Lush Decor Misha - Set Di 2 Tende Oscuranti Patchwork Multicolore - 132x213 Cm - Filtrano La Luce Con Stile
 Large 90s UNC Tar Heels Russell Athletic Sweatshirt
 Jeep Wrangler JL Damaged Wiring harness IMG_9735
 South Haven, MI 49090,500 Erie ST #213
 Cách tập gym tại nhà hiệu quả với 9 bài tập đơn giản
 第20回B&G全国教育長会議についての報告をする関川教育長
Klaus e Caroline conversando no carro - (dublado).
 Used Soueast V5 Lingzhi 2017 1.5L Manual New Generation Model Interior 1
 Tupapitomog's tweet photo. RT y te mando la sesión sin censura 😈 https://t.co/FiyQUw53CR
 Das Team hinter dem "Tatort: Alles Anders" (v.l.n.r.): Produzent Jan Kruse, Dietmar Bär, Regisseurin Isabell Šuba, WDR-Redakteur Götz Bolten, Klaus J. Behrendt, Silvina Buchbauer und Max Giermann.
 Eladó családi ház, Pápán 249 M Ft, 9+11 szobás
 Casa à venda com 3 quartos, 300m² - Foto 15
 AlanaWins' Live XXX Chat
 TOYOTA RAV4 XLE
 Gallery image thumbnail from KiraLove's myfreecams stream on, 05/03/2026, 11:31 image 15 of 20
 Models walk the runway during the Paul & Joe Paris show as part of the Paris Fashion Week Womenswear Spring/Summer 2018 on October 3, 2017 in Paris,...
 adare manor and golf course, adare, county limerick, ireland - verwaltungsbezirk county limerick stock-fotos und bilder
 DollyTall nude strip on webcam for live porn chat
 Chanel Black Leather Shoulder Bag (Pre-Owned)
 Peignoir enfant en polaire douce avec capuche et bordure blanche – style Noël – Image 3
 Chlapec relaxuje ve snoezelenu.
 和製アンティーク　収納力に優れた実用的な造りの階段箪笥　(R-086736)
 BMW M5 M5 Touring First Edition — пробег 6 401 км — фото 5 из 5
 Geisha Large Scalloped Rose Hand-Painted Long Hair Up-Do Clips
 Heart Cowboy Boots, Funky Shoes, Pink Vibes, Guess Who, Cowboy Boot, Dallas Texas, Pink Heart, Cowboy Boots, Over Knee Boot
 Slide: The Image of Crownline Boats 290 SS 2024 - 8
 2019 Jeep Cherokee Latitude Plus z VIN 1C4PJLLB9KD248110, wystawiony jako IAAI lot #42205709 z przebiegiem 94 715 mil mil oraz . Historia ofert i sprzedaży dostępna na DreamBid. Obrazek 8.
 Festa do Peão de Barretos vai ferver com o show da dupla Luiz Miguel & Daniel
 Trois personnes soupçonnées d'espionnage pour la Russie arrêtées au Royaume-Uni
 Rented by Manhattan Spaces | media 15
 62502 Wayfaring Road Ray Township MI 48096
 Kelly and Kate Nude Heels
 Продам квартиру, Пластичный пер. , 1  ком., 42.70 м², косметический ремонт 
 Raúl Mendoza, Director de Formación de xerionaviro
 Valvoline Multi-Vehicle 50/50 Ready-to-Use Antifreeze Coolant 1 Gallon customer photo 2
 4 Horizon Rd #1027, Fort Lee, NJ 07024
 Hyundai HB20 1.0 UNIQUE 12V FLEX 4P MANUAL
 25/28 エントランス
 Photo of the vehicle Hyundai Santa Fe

• **WORK INSTRUCTION**:
Search the data and copy each line containing "Hyundai".

• **WORKED SOLUTION**:
 Hyundai HB20 1.0 UNIQUE 12V FLEX 4P MANUAL
 Photo of the vehicle Hyundai Santa Fe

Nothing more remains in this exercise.